Exercise objective:
Repeat every line of the data exactly, but not the pictures.
Data shown below:
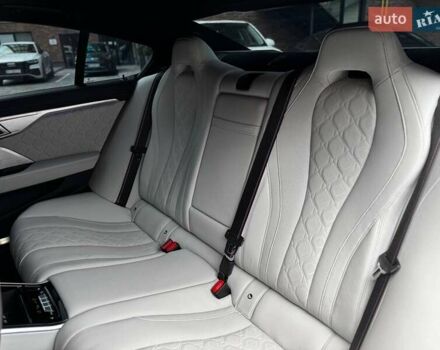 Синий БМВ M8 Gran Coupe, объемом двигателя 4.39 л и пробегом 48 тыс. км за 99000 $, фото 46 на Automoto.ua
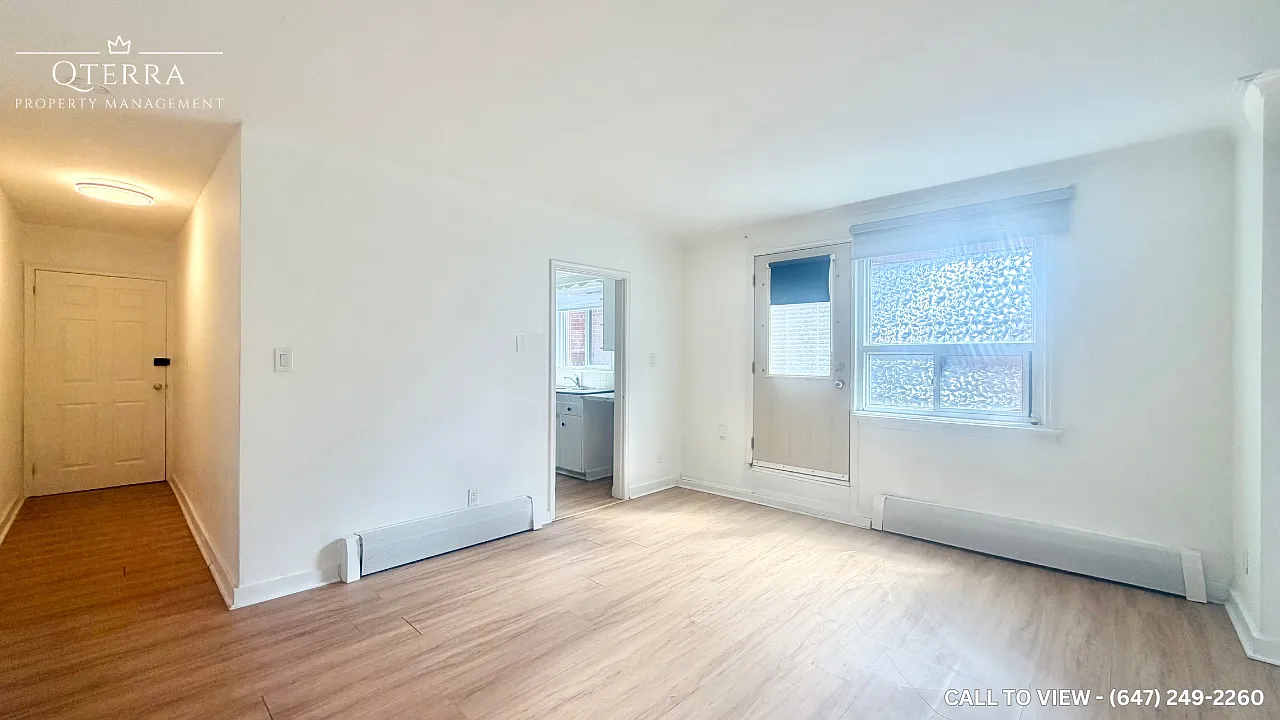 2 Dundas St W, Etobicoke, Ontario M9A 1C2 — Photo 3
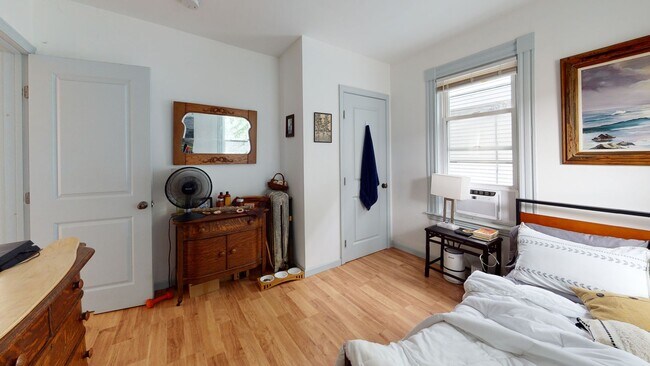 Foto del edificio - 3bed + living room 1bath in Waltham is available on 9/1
End of Data shown.
Answer to this exercise:
 Синий БМВ M8 Gran Coupe, объемом двигателя 4.39 л и пробегом 48 тыс. км за 99000 $, фото 46 на Automoto.ua
 2 Dundas St W, Etobicoke, Ontario M9A 1C2 — Photo 3
 Foto del edificio - 3bed + living room 1bath in Waltham is available on 9/1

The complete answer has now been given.